Photographer:Fotograaf: Joey Roberts
Imagine you, a researcher, are given a bag of money, unlimited time and personnel. What research would you do? PhD candidate Johanna Kreutz (28) dreams of a Mars rover that, instead of filming and taking samples on the red planet, would do so in the intestines.
Whether she knows Martin Paul? She has known him her whole life. Her father and Paul have been friends for many years. They lived in the same street in Berlin. Kreutz was a babysitter for Paul's children for quite some time, when he and his wife went to the opera or a classical concert. It was also because of his recommendation - Paul was dean of FHML at the time - that she came to Maastricht to study Biomedical Sciences. In her first year, Kreutz lived with the Paul family. She refers to him as a kind of “second dad.”
Kreutz has lived in the Netherlands for ten years now, speaks fluent Dutch and married a Dutchman at the beginning of this month. She is a doctor and PhD candidate in paediatrics; she carries out research into coeliac disease, also known as gluten intolerance. This often develops in children between the ages of four and ten. The immune system regards gluten as being a threat, springs into action and in doing so damages the intestine. “I am researching the role of the intestinal wall in the development of coeliac disease. My theory is that these people, even before they become allergic, already have a damaged intestinal wall, exhibiting tiny cracks.”
The field is still very much in its infancy. “With adult test subjects, you can carry out an endoscopy for research purposes, in which you put a thin tube through the mouth down into the small intestine to take a biopsy. But you can't do that with children, the regulations are much stricter for them. In such instances, it is ‘No, unless’.”
Researchers are forced to work a lot with models, which they use to imitate the way the small intestine works, and use laboratory animals. “Irish setters are often used for this purpose, because they have a so-called gluten hypersensitivity. Mice and rats don't naturally have this, but after genetic modification they do. But no matter what, most animal research cannot be translated to humans.”

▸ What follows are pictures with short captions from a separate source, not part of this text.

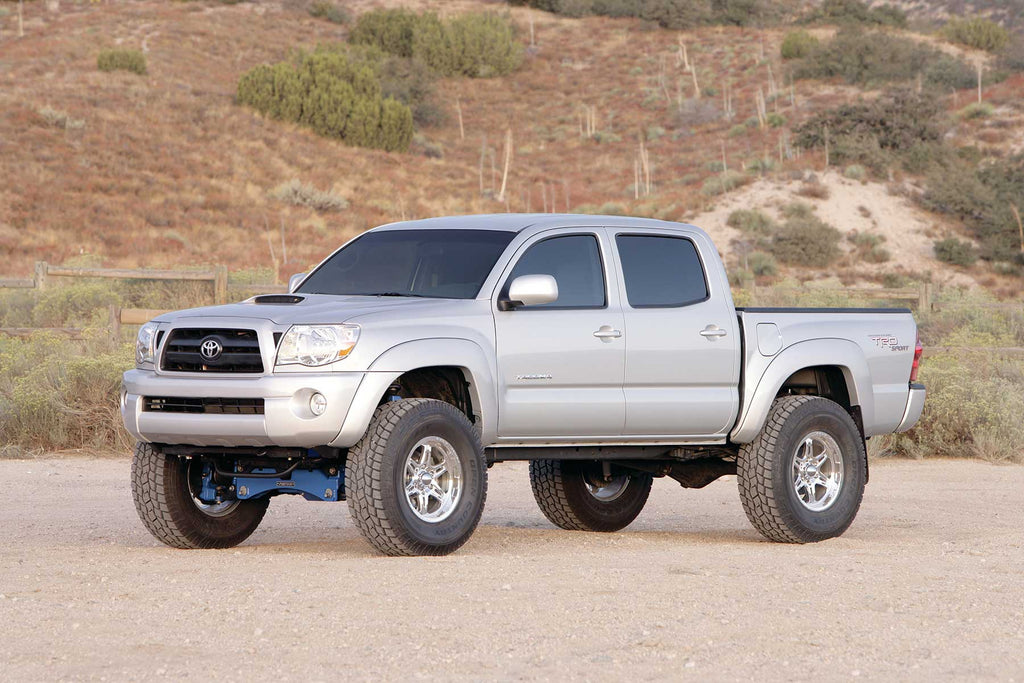 Fabtech 6" PERF SYS W/DLSS 2.5 C/Os & RR DLSS 05-14 TOYOTA TACOMA 4WD/2WD 6 LUG MODELS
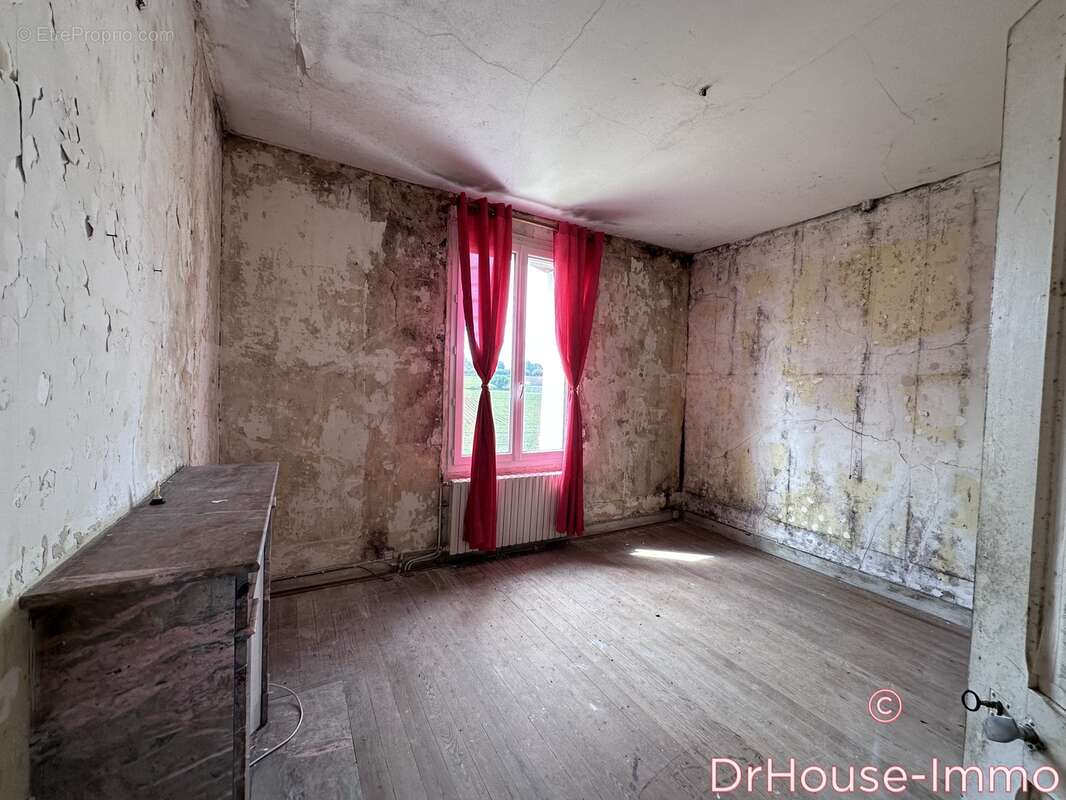 Maison à SAINT-MARTIN-DES-BESACES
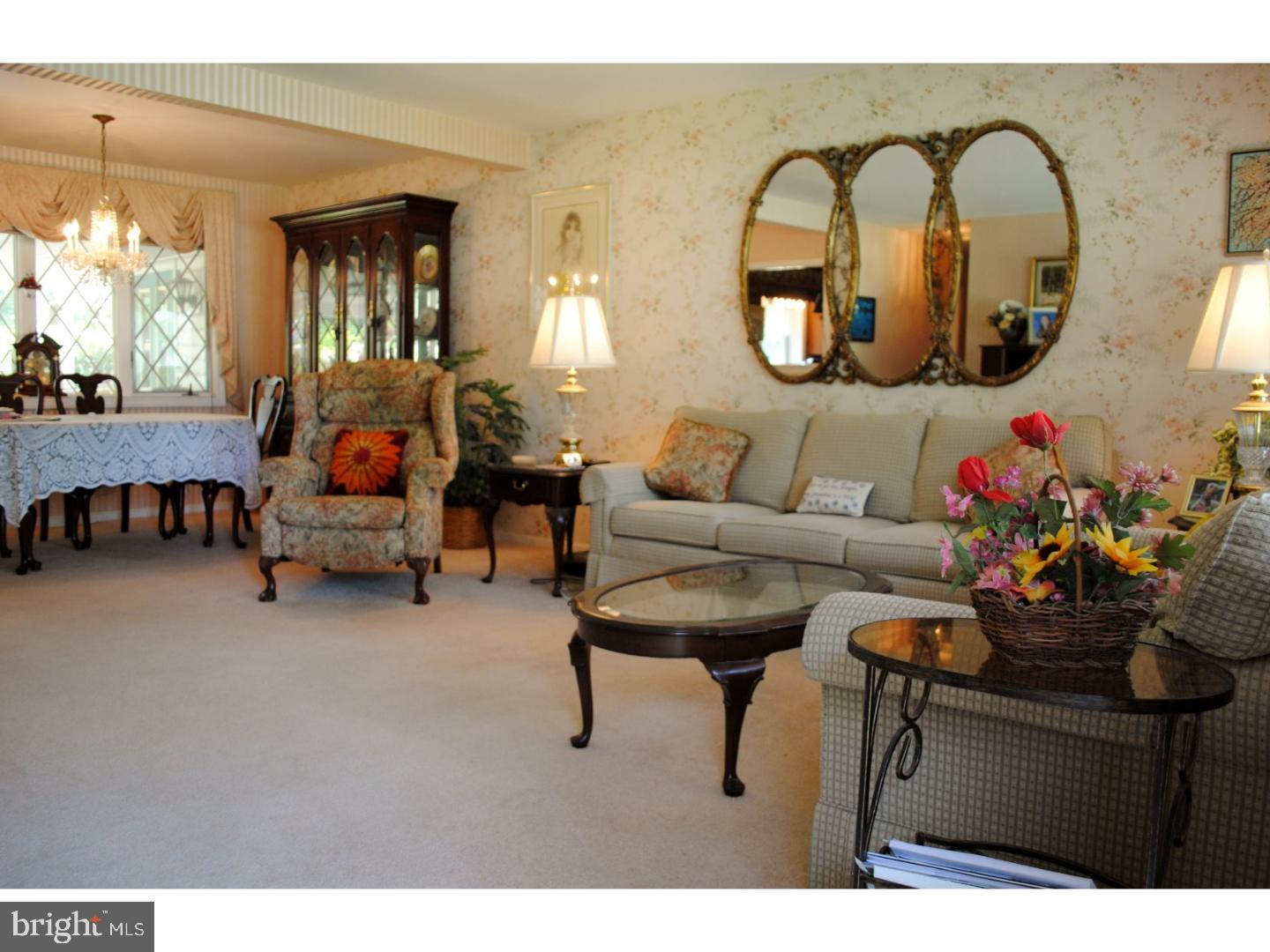 211 Valley Road Warminster, PA 18974 - Photo 5 of 25 Living Room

In short, Kreutz needs something new, something more advanced. And when she is with her husband - a researcher in the field of microbiology – relaxing with a glass of wine, the wildest of ideas sometimes emerge. “I would like to have a tiny Mars rover that would drive through the intestines, showing live and in real time everything that is happening inside. Something like a miniature nanotech cart that can film at a microscopic level and that can take samples using a gripper, just like on Mars.”
How would you get the cart inside the young patients? Simple, they would eat it, says Kreutz. “What we already do, is have patients swallow a tablet with a camera inside. Once it is in the intestine, it shoots a film. The advantage of the rover is that it can go anywhere, but it could also adhere itself to the intestine wall, so that it doesn't come back out after a couple of hours.”
The child would then go home and do everything he or she normally does. Meanwhile the nano cart would send live images to the doctor. “It would be helpful if the parents were to keep a diary of their child's activities, so that we could combine that information with the images.”
It is intriguing that a growing number of people is facing a gluten allergy. “Twenty years ago, it was 0.5 per cent of the population, now it is 1 per cent. In some countries, such as Finland, the counter is already at 2 per cent. It is still unclear why that is. The eating pattern is probably a factor, but most likely also the genes.”
This article is part of a special about Europe with Martin Paul, President of Maastricht University as guest editor-in-chief.